**Problem to solve**
Using the data below, copy out all lines with the word "Gift".
------------------------
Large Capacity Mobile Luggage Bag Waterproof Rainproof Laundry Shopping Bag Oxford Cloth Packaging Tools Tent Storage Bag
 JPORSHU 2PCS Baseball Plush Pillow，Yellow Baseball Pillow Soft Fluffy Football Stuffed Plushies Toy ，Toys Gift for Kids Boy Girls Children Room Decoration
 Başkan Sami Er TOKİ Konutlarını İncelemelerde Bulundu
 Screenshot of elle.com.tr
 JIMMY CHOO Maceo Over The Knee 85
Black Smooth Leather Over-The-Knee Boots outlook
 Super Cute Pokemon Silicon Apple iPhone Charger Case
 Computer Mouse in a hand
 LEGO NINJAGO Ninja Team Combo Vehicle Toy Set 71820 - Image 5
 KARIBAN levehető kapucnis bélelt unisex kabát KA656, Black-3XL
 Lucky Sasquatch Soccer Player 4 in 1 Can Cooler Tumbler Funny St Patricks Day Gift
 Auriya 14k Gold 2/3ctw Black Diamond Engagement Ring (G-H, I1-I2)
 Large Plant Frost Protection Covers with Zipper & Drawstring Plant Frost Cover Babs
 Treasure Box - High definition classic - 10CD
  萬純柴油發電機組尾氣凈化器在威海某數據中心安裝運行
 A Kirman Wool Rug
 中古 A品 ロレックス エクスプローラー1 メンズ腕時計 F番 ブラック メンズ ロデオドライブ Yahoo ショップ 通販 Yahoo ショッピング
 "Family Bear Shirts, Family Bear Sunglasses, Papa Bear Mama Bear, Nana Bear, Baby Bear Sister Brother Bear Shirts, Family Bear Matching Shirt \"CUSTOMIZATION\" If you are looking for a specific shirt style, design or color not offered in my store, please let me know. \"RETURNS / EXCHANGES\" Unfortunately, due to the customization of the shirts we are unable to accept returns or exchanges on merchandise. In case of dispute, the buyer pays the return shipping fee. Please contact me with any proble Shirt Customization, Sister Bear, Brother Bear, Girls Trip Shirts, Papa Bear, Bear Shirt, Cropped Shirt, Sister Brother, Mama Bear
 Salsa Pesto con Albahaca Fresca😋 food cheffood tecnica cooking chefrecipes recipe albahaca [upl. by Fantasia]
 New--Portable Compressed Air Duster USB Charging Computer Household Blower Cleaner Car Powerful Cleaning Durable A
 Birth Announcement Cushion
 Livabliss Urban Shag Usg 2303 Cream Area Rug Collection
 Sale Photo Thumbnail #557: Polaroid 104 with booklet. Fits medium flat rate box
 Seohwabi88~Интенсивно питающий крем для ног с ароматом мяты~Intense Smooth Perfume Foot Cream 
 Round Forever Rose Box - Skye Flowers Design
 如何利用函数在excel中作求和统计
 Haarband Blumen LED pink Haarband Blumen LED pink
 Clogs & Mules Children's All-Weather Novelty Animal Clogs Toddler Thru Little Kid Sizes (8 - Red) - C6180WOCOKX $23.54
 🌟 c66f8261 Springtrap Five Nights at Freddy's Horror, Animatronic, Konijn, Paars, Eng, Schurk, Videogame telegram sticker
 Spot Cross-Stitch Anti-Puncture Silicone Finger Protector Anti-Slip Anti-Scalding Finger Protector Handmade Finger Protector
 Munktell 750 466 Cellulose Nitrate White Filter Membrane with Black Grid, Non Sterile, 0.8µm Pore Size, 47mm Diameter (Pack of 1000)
------------------------
**Answer space**
 JPORSHU 2PCS Baseball Plush Pillow，Yellow Baseball Pillow Soft Fluffy Football Stuffed Plushies Toy ，Toys Gift for Kids Boy Girls Children Room Decoration
 Lucky Sasquatch Soccer Player 4 in 1 Can Cooler Tumbler Funny St Patricks Day Gift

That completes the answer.